Eighty-nine-year-old Holocaust survivor Verona Phillips’ mind is a picture book – and its pages often turn back to her horrific experiences in World War 2 Nazi concentration camps when she was a young girl.
Those images left indelible prints on her mind. “I so often wish it would disappear. I still feel the pain and the anger. Never will I forget the smoke that consumed my life forever,” she says.
Phillips spoke in a frail, yet resilient, voice as she delivered her keynote speech yesterday to hundreds of people at this year’s Holocaust Remembrance Day at the Martyr’s Monument in the West Park Jewish Cemetery in Johannesburg.

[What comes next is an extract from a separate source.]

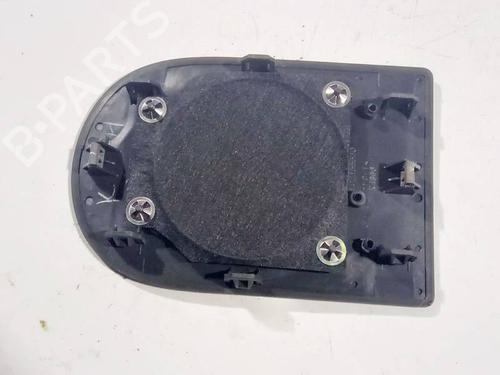 Other MAZDA CX-7 (ER) 2.3 AWD | BP35151609O1 - Image 2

She is of Hungarian decent, born in Budapest, and remembers the day in 1940 that her home became hell. Adolf Hitler left his “blueprint” on the country in that year, she says.
Of the 6 million Jews killed in the Holocaust, 10% came from Hungary. Her two cousins were shot in front of her eyes “and I suffered eight miscarriages, after, from the torture”.
“One year before liberation, we were all marched to the concentration camps. I see a picture of my wonderful father, who was taken into the labour camps. My uncles and cousins were also taken into those camps.”
She never saw her father again. Phillips recalls a family photograph at their Budapest home, an image that overpowers all others.
“These memories flood back and I ask myself: why did I survive? How did I survive? Who am I? I am one of the last survivors of the concentration camps.”